= Michael Casswell =

English session guitarist

Michael John Casswell (18 June 1963 – 30 September 2016) was an English session guitarist, who toured and recorded with numerous artists including Brian May, Joe Bonamassa, Steve Hackett, Wang Chung, Ronan Keating, Rose Royce, Cozy Powell, Tony Hadley, Go West, Dean Friedman, Limahl (Kajagoogoo), Rhinos Revenge Band, Fanfields (Toto tribute project) and Marcus Malone.

==Career==
Casswell started playing the guitar from the age of 11. In the mid-1980s he was signed to RCA USA as a part of a band called Heroes. From the late 1980s to the early 1990s he was signed to MCA UK with the British rock band Walk on Fire, which released an album Blind Faith in 1989. In 1992, he joined the Brian May Band for the South America tour. Casswell co-wrote and co-produced Cozy Powell's last solo album, Especially for You, which was released by Polygram Records in 1998. From 2006 to 2008, Casswell played in the West End Queen musical, We Will Rock You.
Casswell also taught guitar through many DVDs from Lick Library with an emphatic focus on classic rock and blues styles. Since 2011, he was regularly contributing to the Guitar Interactive magazine with columns, gear reviews and interviews.
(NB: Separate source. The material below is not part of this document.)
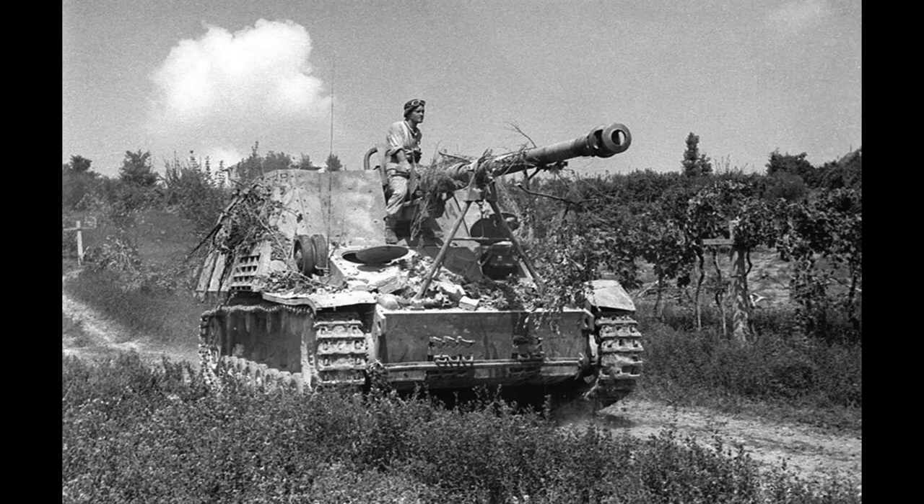The vehicle weighed 24 tons, and was normally mounted on the chassis of the obsolete Panzer III, which meant it tended to be quite heavy. With a total length of 8.4m and a width of 2.9m, the vehicle was very long, but was short enough to travel across most bridges — a problem normally encountered by the heavier elements of the German tank force.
In 2014, Casswell released a solo album entitled Complaints about the Noise. Casswell's last recordings were his submissions for the Toto tribute Fanfields project, which were released on October 1, 2016, a day after his death.

==Equipment and style==
Casswell was a keen user of the guitar's tremolo bar. He was often seen playing pre-Samick Valley Arts guitars, equipped with Floyd Rose and EMG pickups. He also frequently played a Music Man (Luke) guitar, as well as various Fender Stratocasters and James Tyler guitars. For amplifiers, he mainly used Mesa-Boogie, or Marshall Amplification.

==Death==
In September 2016, Casswell drowned whilst swimming off Las Negras beach in the Cabo de Gata-Níjar Natural Park in Níjar, Spain. He was 53 years old.